The summary section says 11 has an accepted answer, but the table says otherwise — Preceding unsigned comment added by 98.109.170.24 (talk) 22:20, 9 June 2011 (UTC)[reply]

Also, the 13th problem in the table says "Unresolved", but is still colored green. I couldn't figure out how to fix it and I'm not sure I'm not missing something anyway... — Preceding unsigned comment added by 124.148.188.82 (talk) 10:44, 17 July 2011 (UTC)[reply]

Ditto problem 22, whose color I changed to pink to match the "Unresolved" in the table. -- Elphion (talk) 01:59, 25 October 2018 (UTC)[reply]

Nonsensical sentence[edit]

Under the section Ignorabimus this sentence appears:

"In discussing his opinion that every mathematical problem should have a solution, Hilbert allows for the possibility that the solution could be a proof that the original problem is impossible."

Unfortunately the phrase "the original problem is impossible" is a meaningless phrase. (A mathematical *problem* is not the kind of thing that is either possible or impossible.) The footnote ([6]) makes this nonsensical phrase no clearer.

Perhaps someone who knows what it is supposed to mean can express it clearly.Daqu (talk) 14:49, 5 December 2012 (UTC)[reply]

See Proof of impossibility: some problems cannot be solved, e.g. the Halting problem.

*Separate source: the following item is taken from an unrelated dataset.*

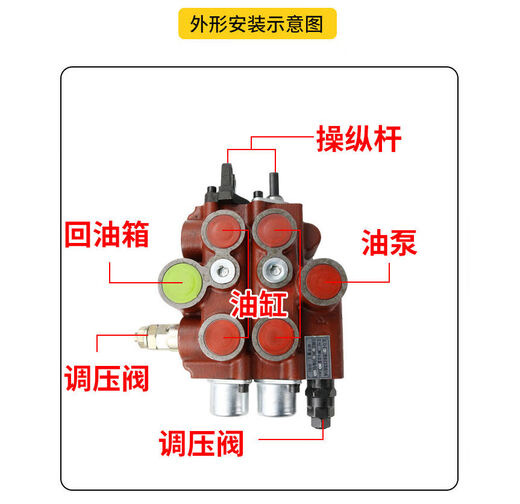 Litian small loader forklift distributor assembly integral piece hydraulic multi-way valve original reversing valve QDL15938 new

Bill Wvbailey (talk) 01:49, 6 December 2012 (UTC)[reply]

Right, so the issue seems to be, is that the sort of problem Hilbert was talking about? If the question is "how do I do such-and-such", then the answer "there is no way to do such-and-such; it's impossible" is a perfectly legitimate answer. But if the problem is, "is proposition A true or false?" then the answer "the problem is impossible" doesn't really make sense, which is presumably what Daqu was getting at.

So the text as reported is clearly confusing and needs to be changed, but to change it, we need to understand what Hilbert was actually talking about, assuming he actually did say something along these lines. Let's start with the last point — has it been demonstrated that he did say something that could have led to the quoted sentence? If so, what exactly did he say? --Trovatore (talk) 01:55, 6 December 2012 (UTC)[reply]

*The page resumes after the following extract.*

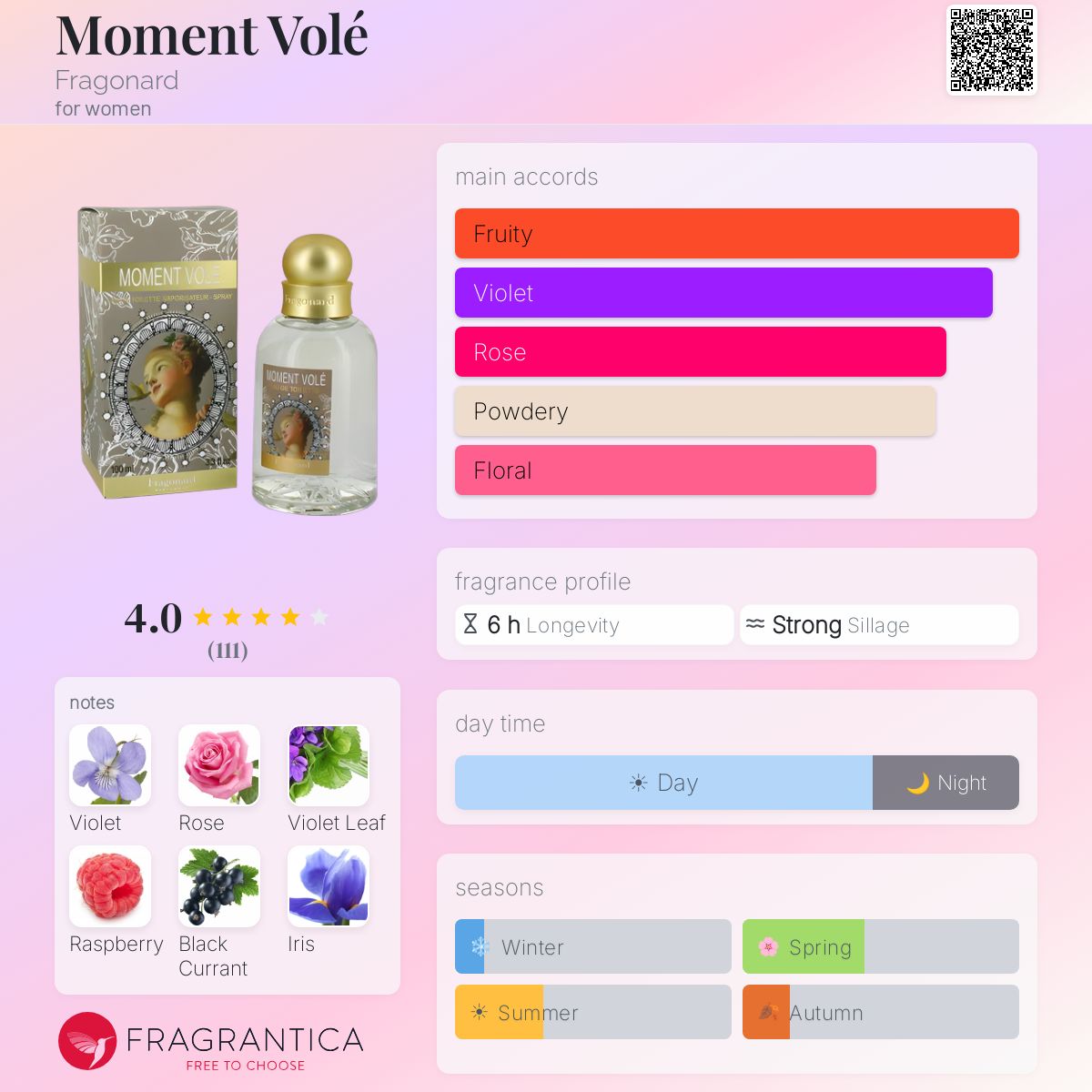 Moment Volé Fragonard perfume - a fragrance for women 2013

Maybe this will be of use -- from Hilbert by Reid 1996. My reading of the following is that Hilbert is talking of the first way you stated it: "If the question is "how do I do such-and-such", then the answer "there is no way to do such-and-such; it's impossible" is a perfectly legitimate answer."

"[Paris 1900 speech were Hilbert presents his problems:] Hilbert had concluded the extensive introduction to his problems with a stirring reiteration of his conviction ("which every mathematician shares, but which no one has yet supported by a proof") that every definite mathematical problem must ncecessarily be susceptible of an exact settlement, either in the form of an actual answer to the question asked, or by the proof of the impossibility of its solution and therewith the necessary failure of all attempts. He had then taken the opportunity to deny publicly and emphatically the " Ignoramus et ignorabimus " -- we are ignorant and we shall remain ignorant -- which the writings of Emil duBois-Reymond had made popular during the century which was passing:

" 'We hear within us the perpetual call. There is the problem. Seek its solution. You can find it by pure reason, for in mathematics there is no ignorabimus.' " (Reid 1996:72)

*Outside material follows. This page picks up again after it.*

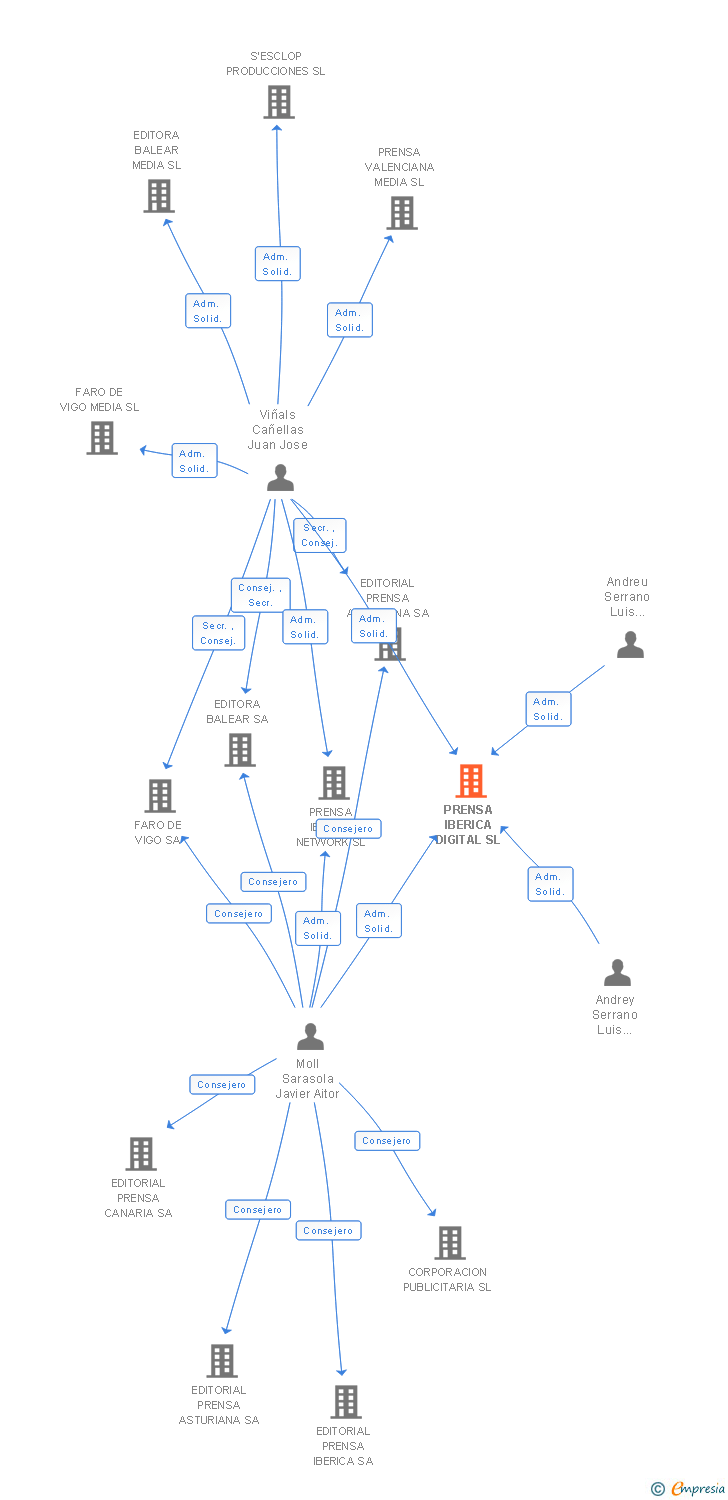 Vinculaciones societarias de PRENSA IBERICA DIGITAL SL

"But it was also in the course of this talk [Zurich, 1917] that he brought up certain questions which revealed for the first time since 1904 in public utterance his continued interest in the subject of the foundations of his science:

"The problem of the solvability in principle of every mathematical question.

"The problem of finding a standard of simplicity for mathematical proof.

"The problem of the relation of content and formalism in mathematics.

"The problem of the decidability of a mathematical lquestion by a finite procedure." (p. 150]

"An example was Hilbert's attitude toward the question of the solvability of every definite mathematical problem. At Paris he had spoken in ringing tones of the axiom of the solvability of every problem, 'the conviction which every mathematician shares, although it has not yet been supported by proof.' He was convinced that in mathematics at least 'there is no ignorabimus. ' Yet, at Zurich [1917], he listed among the epistomological questions which he felt should be investigated the question of the solvability in prinicple of every mathematical question." (p. 174)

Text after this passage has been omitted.